Attached is a program that should decode a .gz file less than 8kb, and if you add "-v" on the command line it will print out things like code tables/dictionaries along the way.

Code:

$ echo "Hi there" | gzip > a.gz

$ ./main2 a.gz
Have loaded 29 bytes from file
Last block = true
Compressed (default dictionary)
data: 48 'H'
data: 69 'i'
data: 20 ' '
data: 74 't'
data: 68 'h'
data: 65 'e'
data: 72 'r'
data: 65 'e'
data: 0a
  End of block 256
  This is the last block

It assumes that the zlib data start at byte 10.

Don't judge the code too harshly - it's just a hack to test my understanding, not production ready.

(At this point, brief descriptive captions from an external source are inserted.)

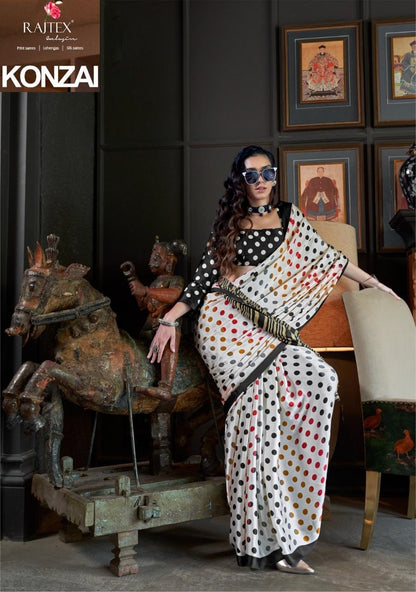 Konzai 405001 To 405010 Rajtex Crepe Sarees Exporter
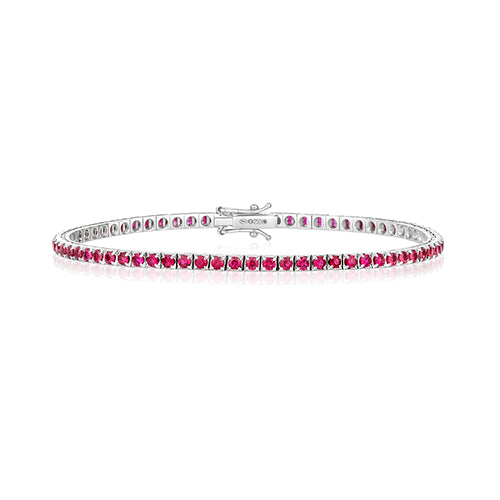 3.10ct Natural RUBY BRACELET IN 18CT WHITE GOLD Tennis Style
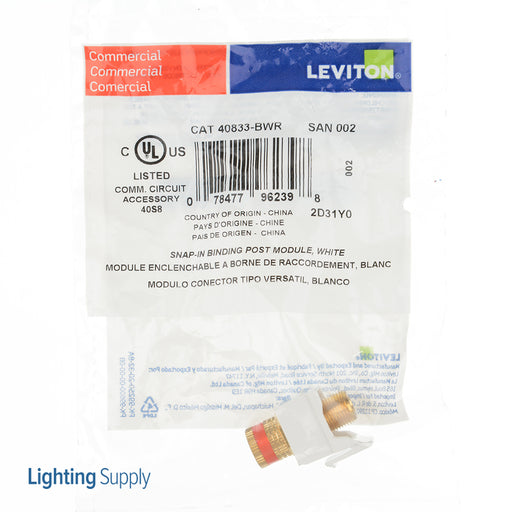 Leviton Binding Post QuickPort Connector Red Stripe White Housing (40833-BWR)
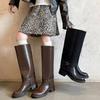 New Versatile Cowhide Martin Boots Solid Color Medium Heel Round Head Leather Tall Boots Autumn and Winter Thick-soled Large-size Women's Boots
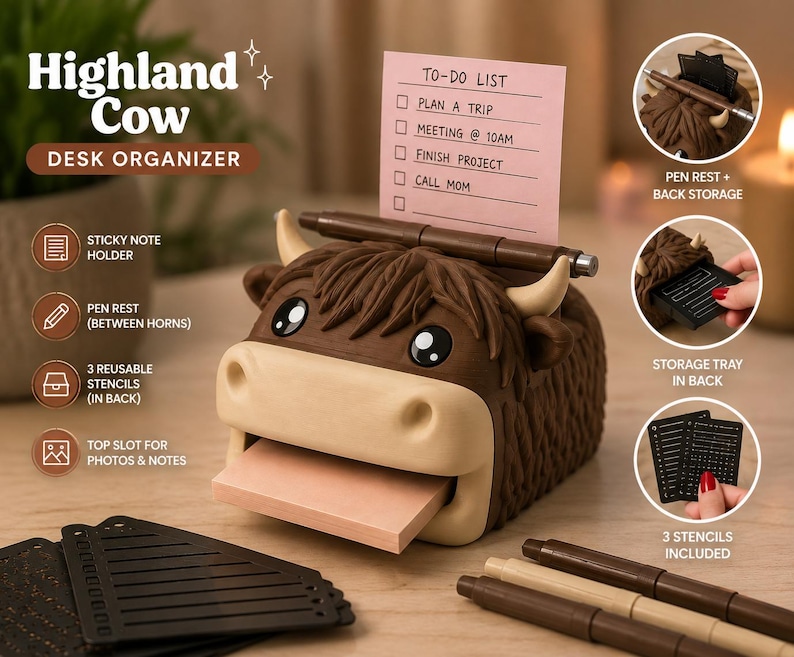 May include: A brown Highland cow desk organizer featuring a top slot for a pink to-do list, a pen rest between the horns, and a rear storage tray. The set includes three black reusable stencils and a brown pen. The organizer has a textured finish.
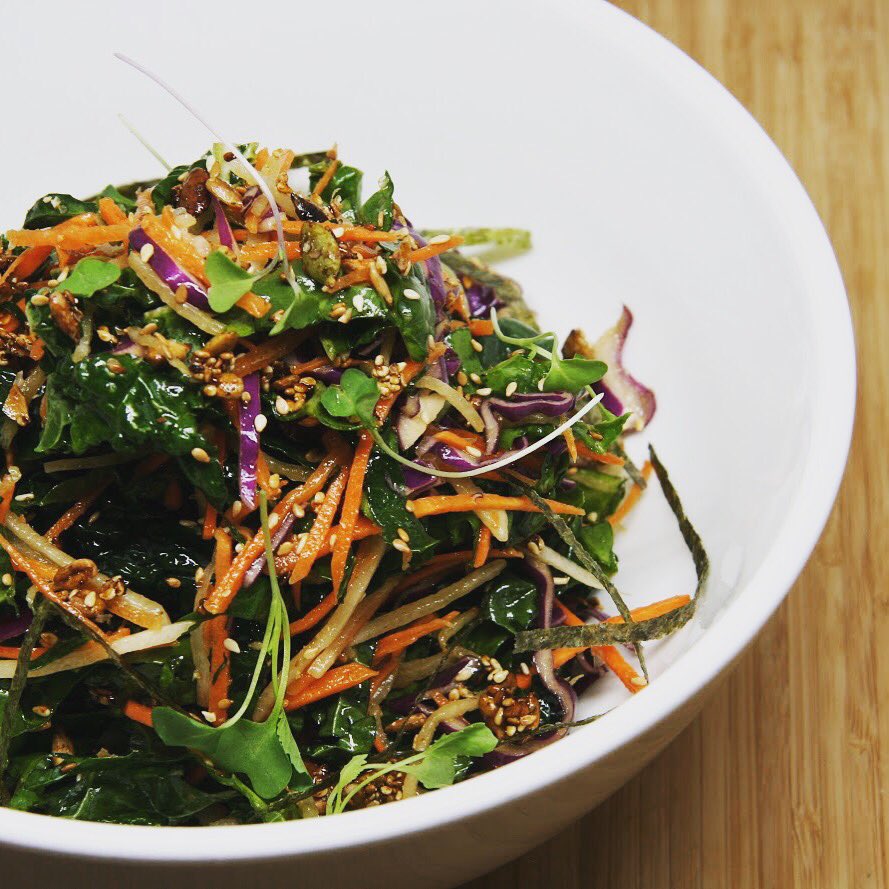 Our Shredded Veg Salad has become a staple item over the last month we’ve been open, with fresh organic Kale, Carrots, Radish, Cabbage, Seaweed and Toasted Seeds, tossed in Tamari and Nutritional Yeast Vinaigrette, its a perfect light but substantial lunch for this warm weather!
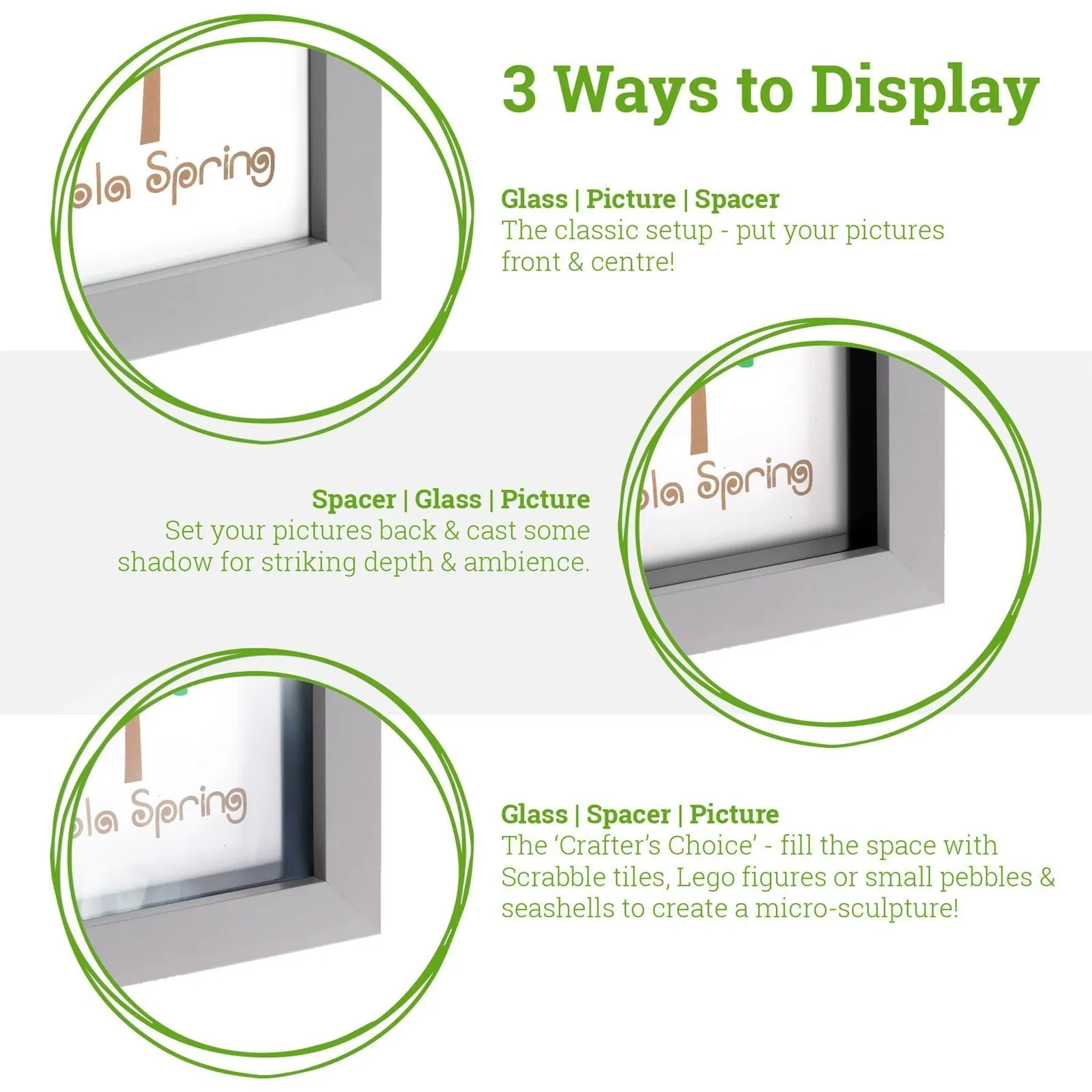Nicola Spring Deep Box Photo Frame - A4 (8 x 12") - Pack of 2 in Black 3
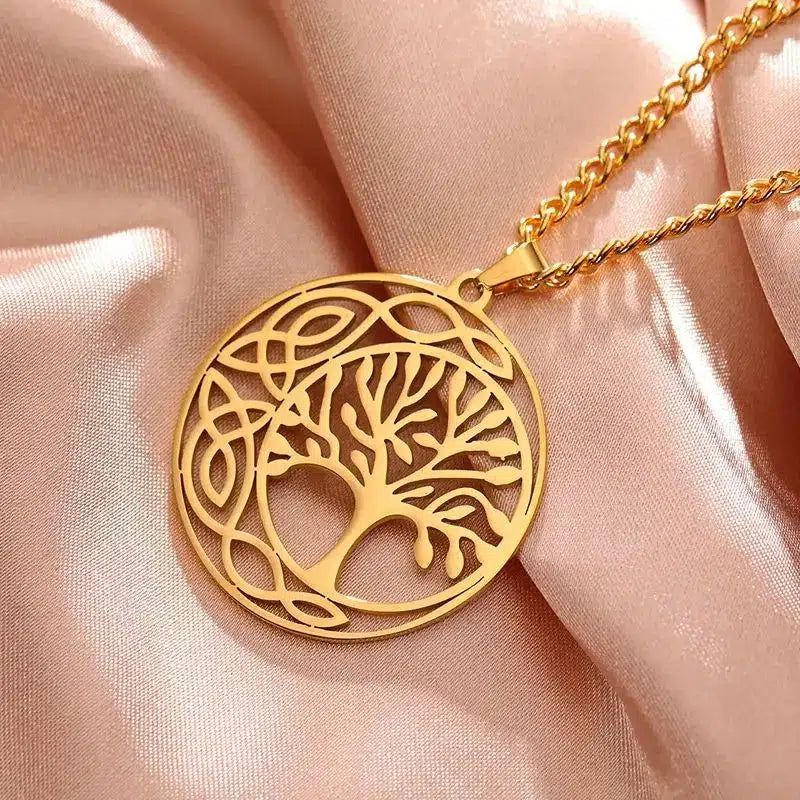Cresent Moon Irish Knot Tree of Life Necklace Pagan Jewelry-MoonChildWorld
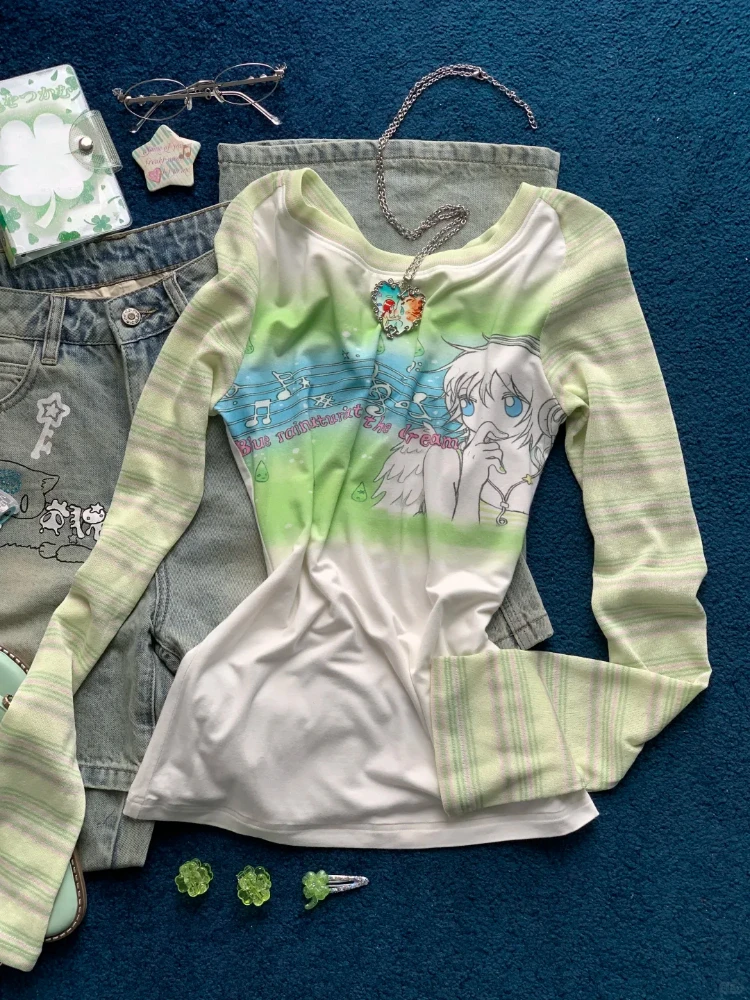 Japanese Sweet Cute Green Stripe Musical Note Print T-shirt Women Y2k Harajuku Vintage Fashion Hot Girl Long Sleeve Tops New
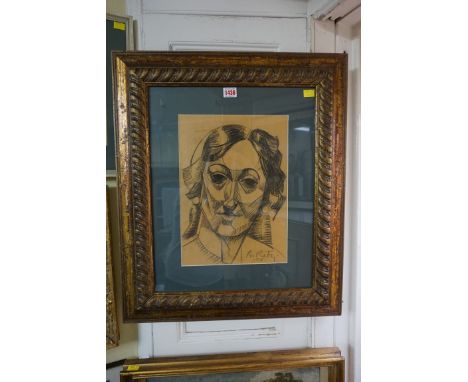 Alfred Reth,&nbsp;head and shoulders portrait of a lady, signed and dated 1926, charcoal, 36 x 26cm.&nbsp; 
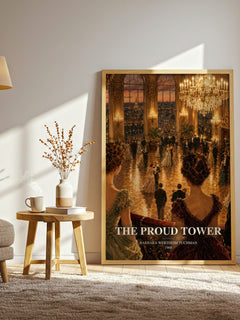 The Proud Tower watercolour print in frame leaning in hallway – non fiction wall art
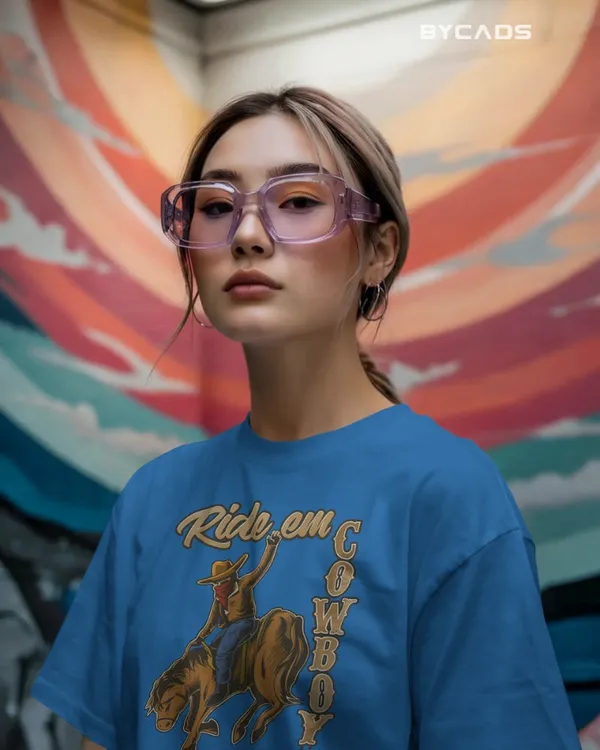 Blue_Cotton_Ride_Em_Cowboy_Oversized_Unisex_T-Shirt_|_Western_Streetwear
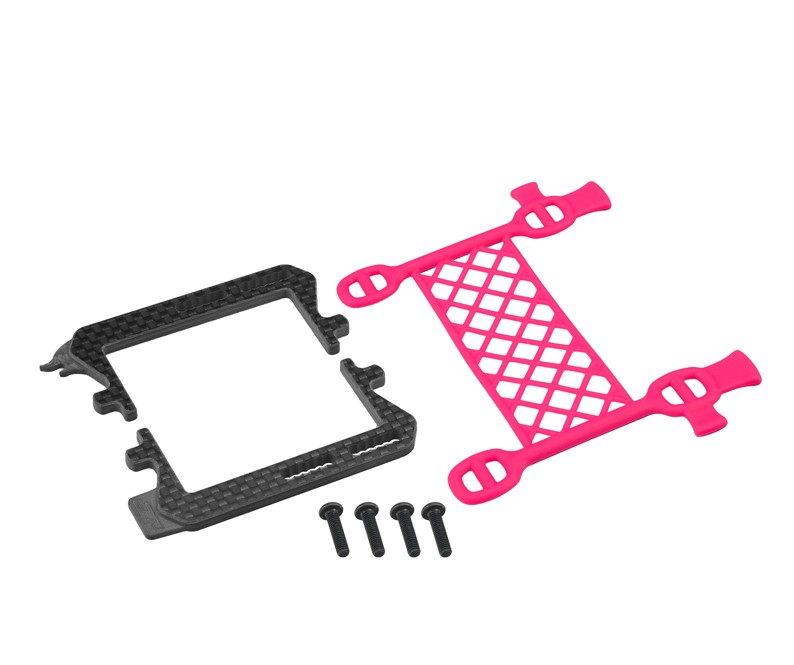 Pink Carbon Logo - Cargo Net Battery Brace, for Associated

So here I'm gziping up the source file "inflate.c", then decoding it with 'verbose' enabled:

Code:

$ cat inflate.c | gzip > abc.gz
$ ./main2 -v abc.gz | more

And here is the output showing the code tables that were used:

Code:

Compressed (dynamic dictionary)
  HLIT 282, HDIST 29, HCLEN 13
Codelen table
    0:  4 1100
    4:  4 1101
    5:  3 000
    6:  3 001
    7:  3 010
    8:  3 011
    9:  3 100
   10:  3 101
   11:  4 1110
   12:  5 11110
   16:  6 111110
   17:  7 1111110
   18:  7 1111111
Reading in literal/length plus distance dictionary lengths
Literal/Repeat Length table
   10:  7 1011010
   32:  5 00100
   33:  9 111101000
   34:  8 11100010
   35: 12 111111111100
   37:  8 11100011
   38:  8 11100100
   39:  9 111101001
   40:  7 1011011
   41:  6 011110
   42:  9 111101010
   43:  7 1011100
   44:  6 011111
   45:  8 11100101
   46:  9 111101011
   47:  9 111101100
   48:  7 1011101
   49:  6 100000
   50:  6 100001
   51:  7 1011110
   52:  7 1011111
   53:  7 1100000
   54:  7 1100001
   55:  7 1100010
   56:  7 1100011
   57:  7 1100100
   58:  8 11100110
   59:  7 1100101
   60:  8 11100111
   61:  8 11101000
   62:  8 11101001
......

TBH I find that output to be unclear about what the values represent, part of the reason I print the member names is so I can more easily see what should've been what compared to what it actually is. Did look through you're code but didn't find what I was looking for so at present it wasn't of help to me, thx anyways

**awsdert** · 08-02-2021

Finally got that blasted algorithm right, for anyone wanting to reference my code (which I've already cleaned up a bit prior to getting the algorithm right) here's where it's uploaded:
Gitlab upload instance

Just don't expect it to be super clean, I literally only just got it right just now, I'll do a cleaner version for my paw project later.